こういったやり方をじっくりと身に付けられるのは、やはり大学・専門学校ではないか。ここでは、大学を主として語りたい。というのも、専門学校の詳しい実情をよく知らないからだ。
思うに、大学において、社会ですぐに実践できる実学(経済学部なら簿記など)を重視せよという近年の風潮は、目先の利益にとらわれすぎである。確かに、企業の即戦力となる実学の類を学んでほしいというのは、企業の持つ性質からしてもっともなことである。しかし、それを大学教育の中核に据えるというのは、筋違いだろう。
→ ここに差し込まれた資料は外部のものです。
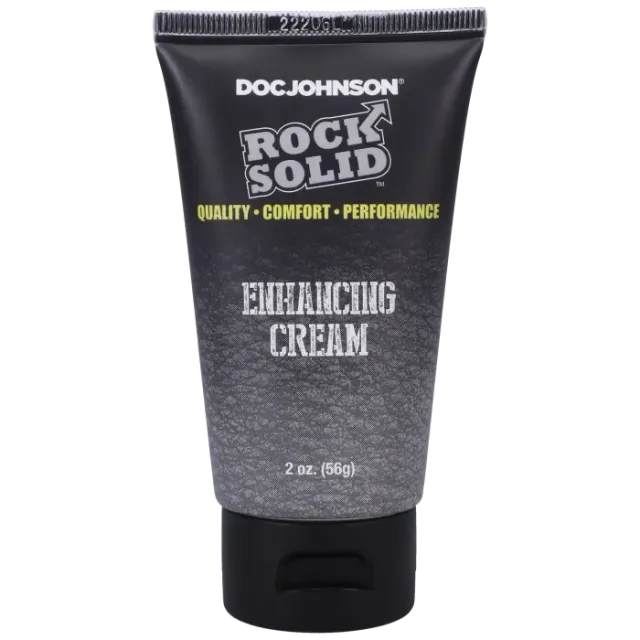 ROCK SOLID Enhancing Cream intieme crème man 2 oz 56g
大学とは、一個人の思考の鋳型を造り上げる空間なのだ。社会は、その鋳型を通じて課題を乗り越えていく場だ。よって、現行の大学教育は長い目で見れば、企業に資する最も基礎的な能力(思考の鋳型、その活用法)を育て上げている。
長いスパンで成長し続ければ、道は開けてくる。私は常々そう考えてきた。先日、ある本を読んで、私はこの考えをその著者に賛成された気がした。ライフネット生命の代表取締役会長兼CEOの出口治明氏が書いた『働く君に伝えたい「お金」の教養』(2016、ポプラ社)という本だ。自分の好きなことを続けたり、学びたいことを学び続けたりすることで、自分の価値を上げれば、それが成功へと結びつく可能性を、出口氏は説く。
そうなのだ。他人から急かされ外圧にさらされる成長は、身につかない。一瞬で身体から抜け落ちる。無駄かもしれない、遠回りかもしれない道でも、それが自分の信じた道ならば進み続けてみるといい。その途中で出会った人や出来事はきっと自分の財産になる。その出会いは、無駄ではないから。
企業経営陣はどうか5年、10年先のエース社員を雇うという、「人間への長期投資」の意味合いで、新卒学生を選考し、採用していってほしい。
そして学生諸君は大学を出ても、教養によって自らを高める「自分への投資」[i]を怠らないでほしい。